*** RECORDS SUPPLIED ***

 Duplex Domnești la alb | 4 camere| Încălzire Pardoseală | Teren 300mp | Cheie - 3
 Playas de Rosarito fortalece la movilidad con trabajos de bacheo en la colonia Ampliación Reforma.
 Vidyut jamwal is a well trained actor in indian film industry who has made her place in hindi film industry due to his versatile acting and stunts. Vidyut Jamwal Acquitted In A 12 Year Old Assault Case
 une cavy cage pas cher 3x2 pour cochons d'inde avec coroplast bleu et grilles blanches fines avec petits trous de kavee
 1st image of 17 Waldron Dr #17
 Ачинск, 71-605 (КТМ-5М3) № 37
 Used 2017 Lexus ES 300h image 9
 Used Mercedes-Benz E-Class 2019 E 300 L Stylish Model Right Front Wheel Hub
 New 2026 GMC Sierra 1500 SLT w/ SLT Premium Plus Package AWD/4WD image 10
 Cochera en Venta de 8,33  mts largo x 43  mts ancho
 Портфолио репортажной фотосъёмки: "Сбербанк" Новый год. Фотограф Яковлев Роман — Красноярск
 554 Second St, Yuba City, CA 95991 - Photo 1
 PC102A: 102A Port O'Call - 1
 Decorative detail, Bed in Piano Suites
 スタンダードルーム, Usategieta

*** End of RECORDS SUPPLIED ***

• PROBLEM DESCRIPTION: Every entry is to be repeated exactly as it stands.

• ANSWER TO THIS PROBLEM:
 Duplex Domnești la alb | 4 camere| Încălzire Pardoseală | Teren 300mp | Cheie - 3
 Playas de Rosarito fortalece la movilidad con trabajos de bacheo en la colonia Ampliación Reforma.
 Vidyut jamwal is a well trained actor in indian film industry who has made her place in hindi film industry due to his versatile acting and stunts. Vidyut Jamwal Acquitted In A 12 Year Old Assault Case
 une cavy cage pas cher 3x2 pour cochons d'inde avec coroplast bleu et grilles blanches fines avec petits trous de kavee
 1st image of 17 Waldron Dr #17
 Ачинск, 71-605 (КТМ-5М3) № 37
 Used 2017 Lexus ES 300h image 9
 Used Mercedes-Benz E-Class 2019 E 300 L Stylish Model Right Front Wheel Hub
 New 2026 GMC Sierra 1500 SLT w/ SLT Premium Plus Package AWD/4WD image 10
 Cochera en Venta de 8,33  mts largo x 43  mts ancho
 Портфолио репортажной фотосъёмки: "Сбербанк" Новый год. Фотограф Яковлев Роман — Красноярск
 554 Second St, Yuba City, CA 95991 - Photo 1
 PC102A: 102A Port O'Call - 1
 Decorative detail, Bed in Piano Suites
 スタンダードルーム, Usategieta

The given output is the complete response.